• Exercise description: From the first line to the last, print the material exactly, skipping the pictures.

☆ ☆ ☆ ☆

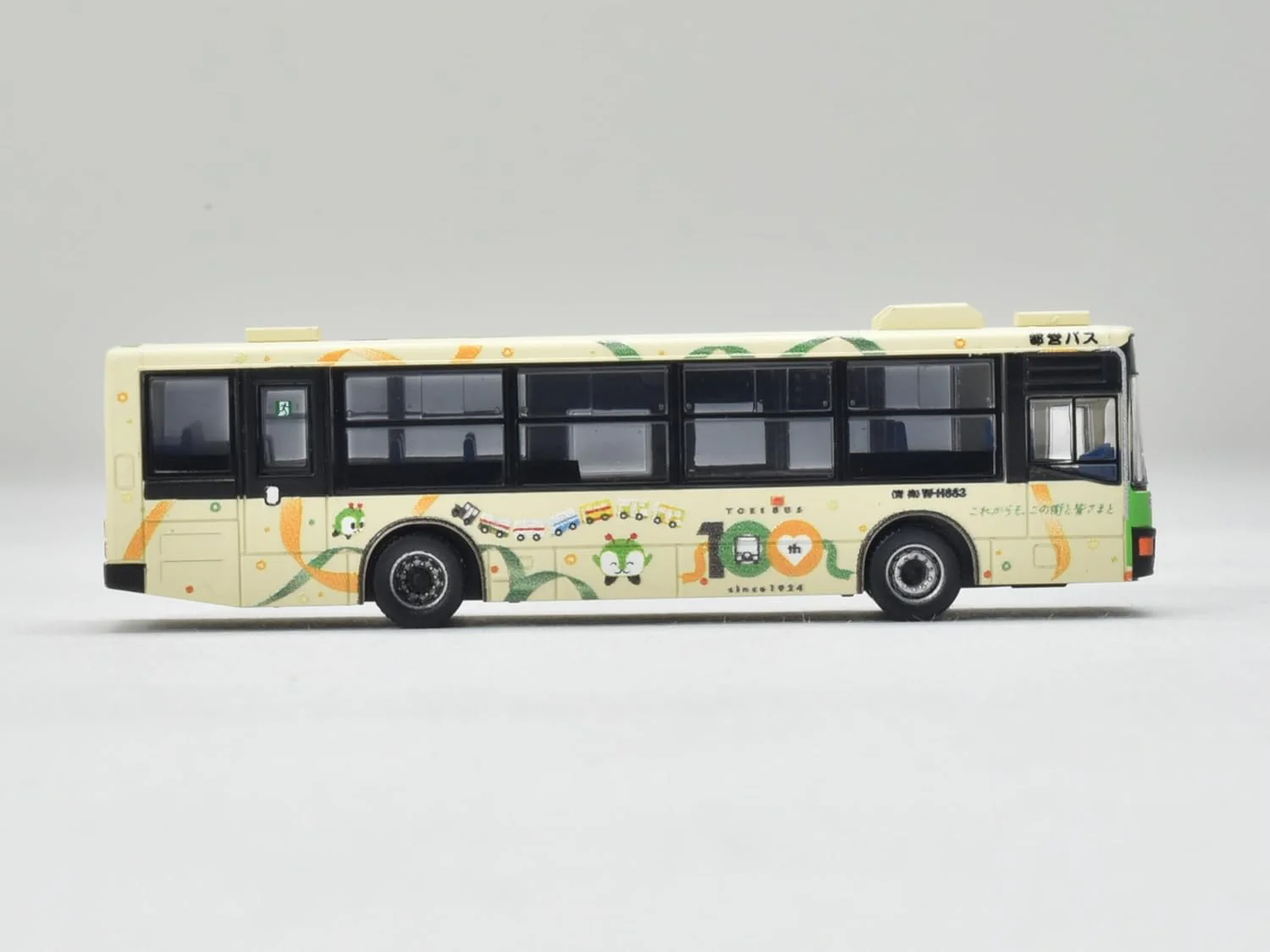 TOMYTEC The Bus Collection Tokyo Metropolitan Bureau of Transportation Toei Bus 100th Anniversary Design Special Case - Image 4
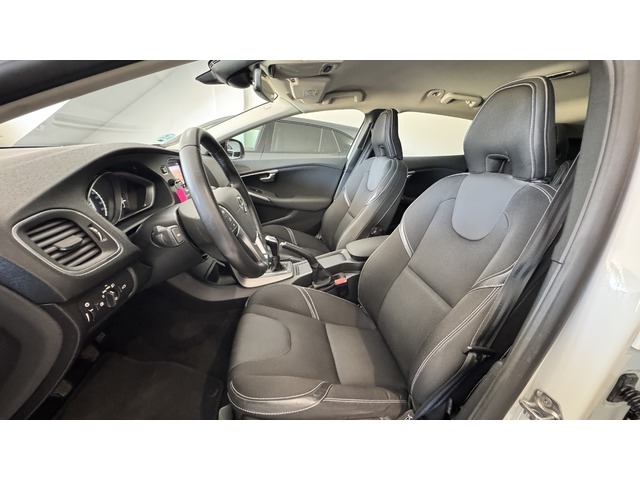 Volvo V40 T2 Momentum 90 kW (122 CV)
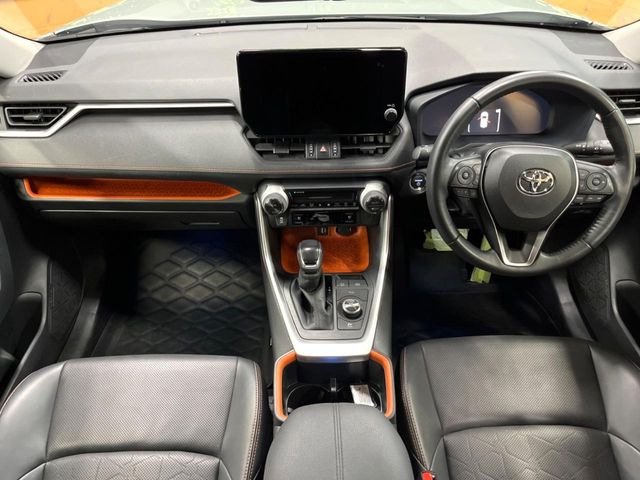 RAV42.5 ハイブリッド アドベンチャー E-Four 4WD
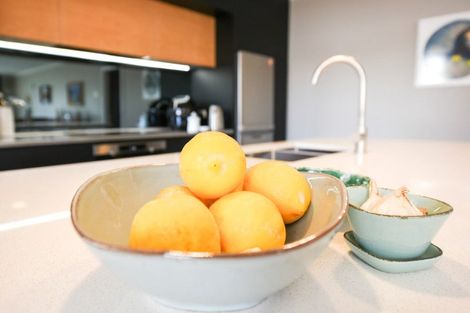 Photo of property in 14 Seaview Crescent, Picton, 7220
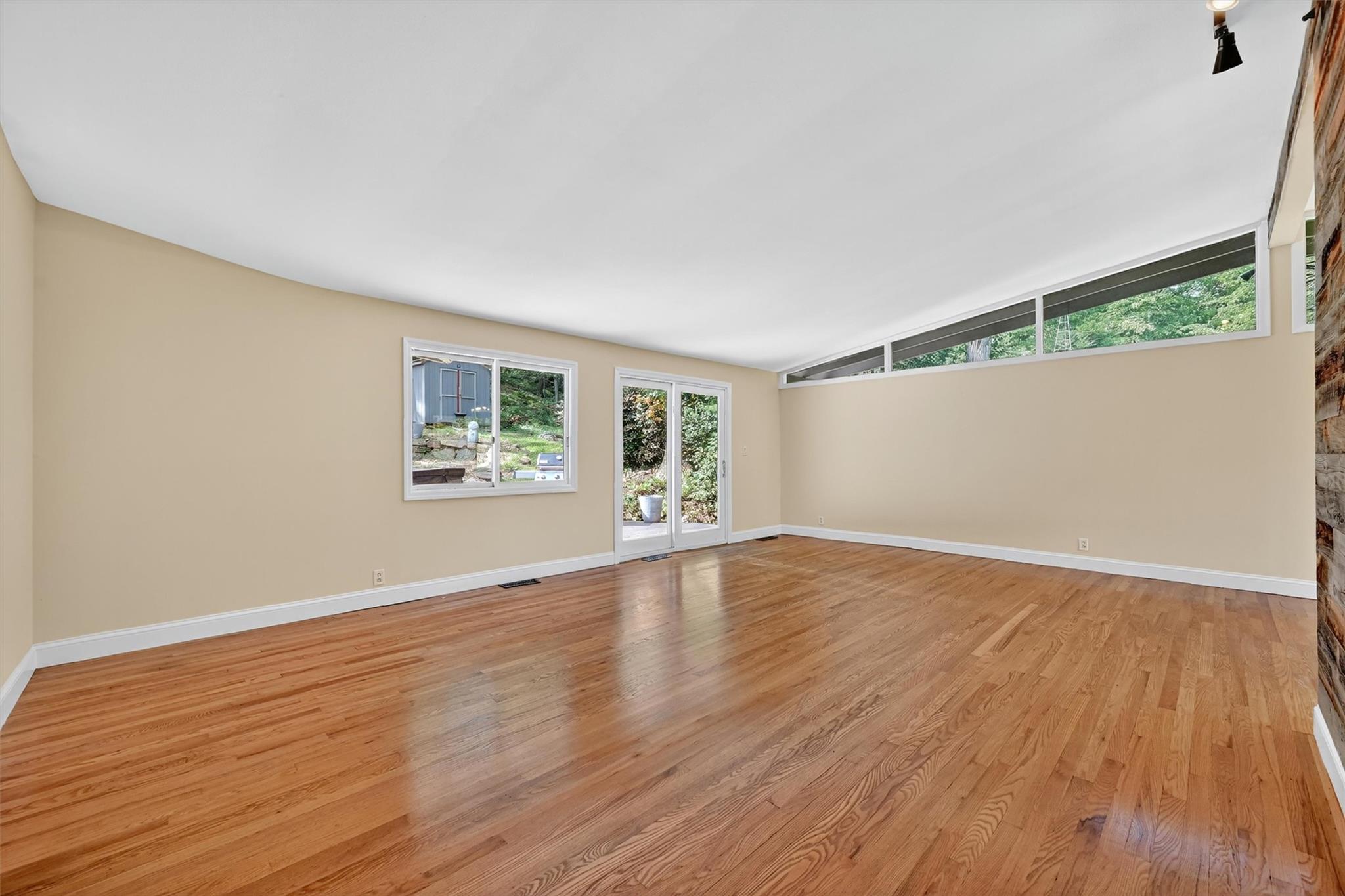 165 Fawn Hill Road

☆ ☆ ☆ ☆

• Solution to this exercise:
 TOMYTEC The Bus Collection Tokyo Metropolitan Bureau of Transportation Toei Bus 100th Anniversary Design Special Case - Image 4
 Volvo V40 T2 Momentum 90 kW (122 CV)
 RAV42.5 ハイブリッド アドベンチャー E-Four 4WD
 Photo of property in 14 Seaview Crescent, Picton, 7220
 165 Fawn Hill Road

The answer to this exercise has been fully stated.